Den Kindern wird dabei in ein bis zwei Unterrichtseinheiten bewusst gemacht, dass es wichtig ist, keine echten Namen oder Kontaktdaten im Internet preiszugeben. Auf spielerische Art wird gelernt – Wer darf mich im Internet begrüßen, wer darf mit mir sprechen?

„Wir haben gelernt, was wir im Internet nicht machen dürfen und wie es sicherer ist. Es wurden auch Bilder gezeigt, damit wir wissen was uns erwarten könnte, wie zum Beispiel ein Vogel mit einem Hundekopf.“

Auch Floras Eltern haben von dem Workshop profitiert. „Wir wurden beispielsweise über YouTube for kids aufgeklärt, oder darüber, wie man bei gewissen Anbietern einstellen kann, dass das Kind eine Autorisierung braucht, um eine App herunterzuladen“, sagt ihr Vater. Dass die Volksschule die Workshops regelmäßig anbietet wissen sie sehr zu schätzen, vor allem da diese keine Pflichtmaßnahmen sind.

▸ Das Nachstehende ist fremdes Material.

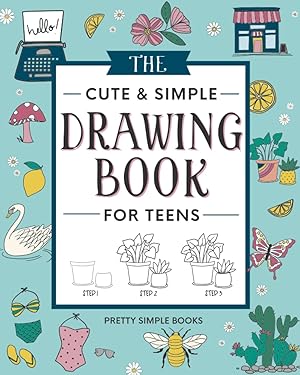 Bild des Verk�ufers f�r The Cute and Simple Drawing Book for Teens: An Easy Step-by-Step Guide to How to Draw Cute and Beautiful Things For Beginners zum Verkauf von Greenworld Books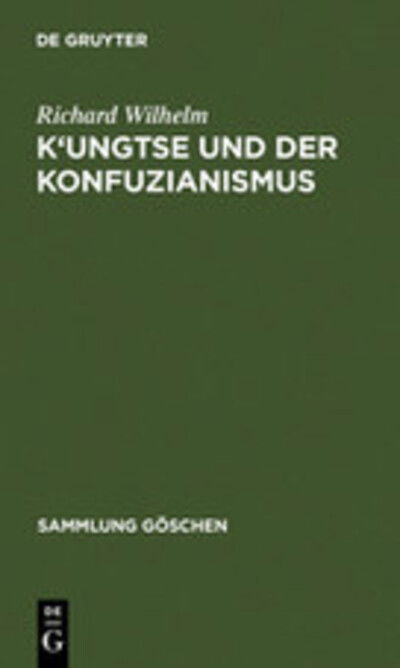 K'ungtse Und Der Konfuzianismus (Sammlung G Schen) (German Edition) - Richard Wilhelm - Libros - De Gruyter - 9783111006239 - 1928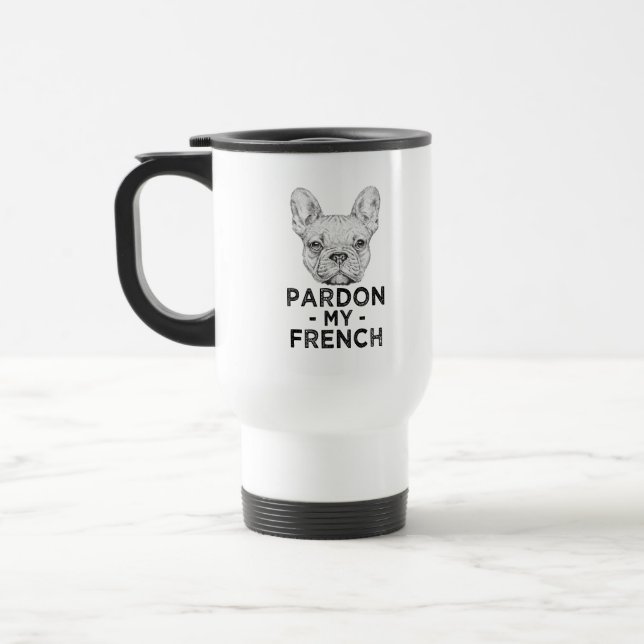 Funny Pardon my French, French Bulldog coffee mug (Left)
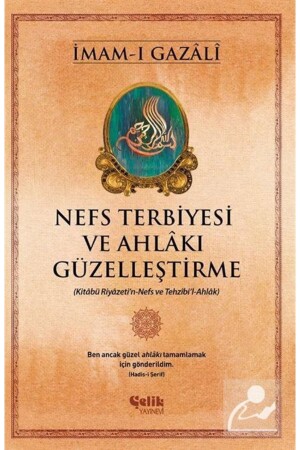 Nefs Terbiyesi Ve Ahlakı Güzelleştirme - 3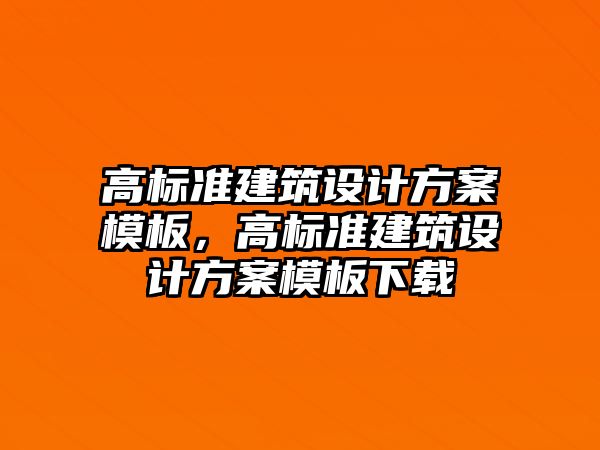 高標準建筑設計方案模板，高標準建筑設計方案模板下載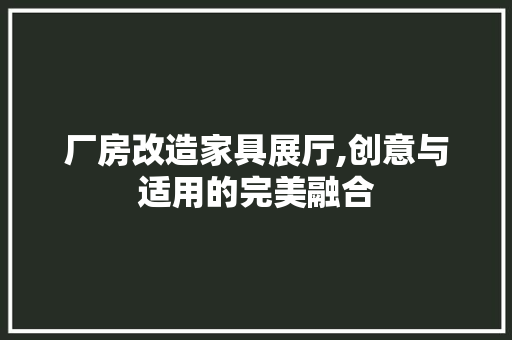 厂房改造家具展厅,创意与适用的完美融合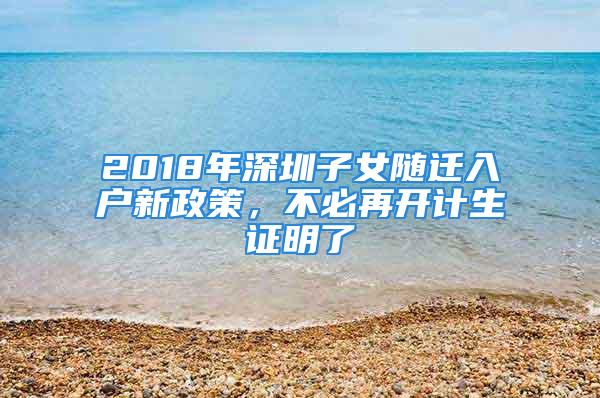 2018年深圳子女隨遷入戶新政策，不必再開計生證明了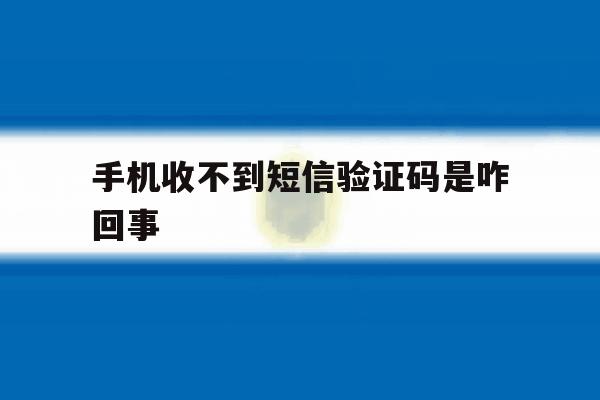 手机收不到短信验证码是咋回事 手机收不到短信验证码是咋回事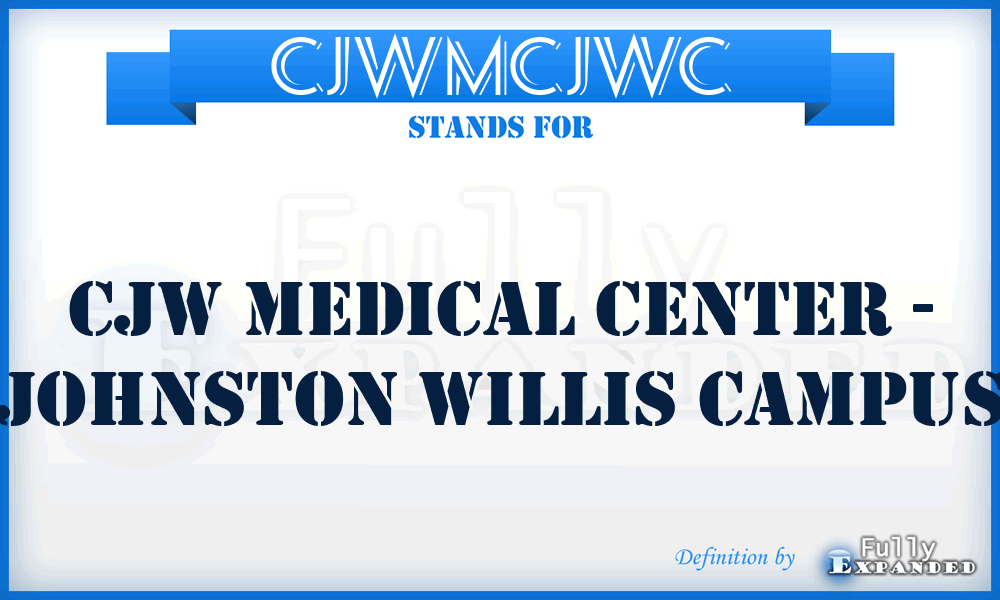 CJWMCJWC - CJW Medical Center - Johnston Willis Campus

Medienkompetenz gilt als Unterrichtsprinzip
Der Literatur- und Medienwissenschaftler Roberto Simanowski betrachtet die derzeitige Situation der Medienkompetenz in Schulen als skandalös und Alibiveranstaltung. „…aber es zielt eben nicht darauf, zu diskutieren, wie die Medien eigentlich unsere Gesellschaft verändern und den Umgang. Also die kulturstiftende Funktion wird nicht zum Thema“, sagt er in einem Interview mit Deutschlandfunk Kultur. Er schlägt vor den Ansatz einer philosophisch-reflexiven Medienkompetenz zu verfolgen und mit Schülern Möglichkeiten und Konsequenzen von Social Media zu diskutieren.

Laut dem Bundesministerium für Bildung, Wissenschaft und Forschung ist die Vermittlung von Medienkompetenz bereits seit 2012 Unterrichtsprinzip an Volksschulen, allerdings noch immer kein fester Bestandteil des Stundenplans.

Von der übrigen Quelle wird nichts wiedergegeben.